Para el pionero Arroyo el jogging era parte esencial de una vida profundamente espiritual. Vivía en un cuarto de hotel barato, con un teléfono que solo servía para llamar a la policía; comía una vez al día, en un centro para ancianos; recibía dinero del seguro social y una pensión de una industria de acero. Todos los días corría diez vueltas a la reserva, haciendo un total de casi veinte kilometros diarios. Después tuvo que caminar. Después tuvo que usar muletas. Para terminar, uno de sus amigos organizó a los trotadores para que lo llevaran en su sillita de ruedas, siempre por el mismo circuito. El diario NY Times retrata a Arroyo como un extraño sacerdote: alrededor de la reserva daba masajes de pie gratis a los corredores, consejos psicológicos y predicaba sobre la indiferencia ante la posesión de bienes materiales. Fue una especie de respiración zen al medio de Manhattan.
No es tan raro que el jogging se convirtiera en el deporte predilecto de Central Park y que el estilo de vida de Arroyo quedara enmcarcado como una simpática extravagancia. La ciudad se quedó con lo que más le servía. El jogging es el ideal de la vida saludable, de la vida que se vive principalmente para vivirla sano. Al cuerpo le gusta que lo muevan y agradece a la mente evitándole pensamientos molestos (hay que recordar al personaje de Shame, cuando sale a trotar a las 3 de la mañana, mientras su jefe se tira a su hermana en su propia cama). Además, en el jogging no hay que complicarse con el sello personal, no hay lugar para el estilo. Todos trotan igual. Lo que es individual en el jogging está relegado a las cosas que se compran para practicarlo: las zapatillas, la polera, la bebida. En otras palabras, todos trotan igual, pero solo algunos se equipan como quieren. Y luego está la cantidad de kilómetros recorridos, la frecuencia con que se trota. Quizás de aquí se recibe el mayor porcentaje de satisfacción personal: por más que los experimentados en la materia acojan el interés de los iniciados, diciéndoles que cada uno tiene sus propios procesos y que no vale la pena hacer comparaciones, no puedo evitar sospechar que ya está en ellos la firme idea, reforzada mientras van trotando, de que se adelantaron, de que, en cierto sentido, llevan la delantera. ¿Para ir a dónde? Eso es lo de menos.
Ahora el jogging es cada vez más normal en Santiago y quizás habría que verlo con preocupación, como si algo estuviese definitivamente mal. Si uno ve a alguien trotando hay que pensar si acaso no tiene amigos con quien jugar a la pelota, o alguien con quien hacer el amor, o tener sexo, o por último, si no le da vergüenza bailar.

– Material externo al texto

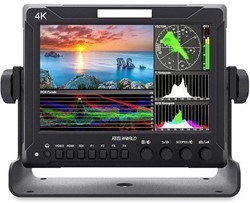 Feelworld 7 Z72 Aluminium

Se le podría echar la culpa al descontrolado crecimiento inmobiliario, a la prepotencia de los edificios que serán la extinción de los partidos improvisados en el pasaje. El punto es que se ven cada vez más personas solitarias, en horarios inverosímiles, uniformadas con sudaderas, shorts cortísimos y zapatillas con resortes, trotando apurados y con seriedad, a cualquier lugar.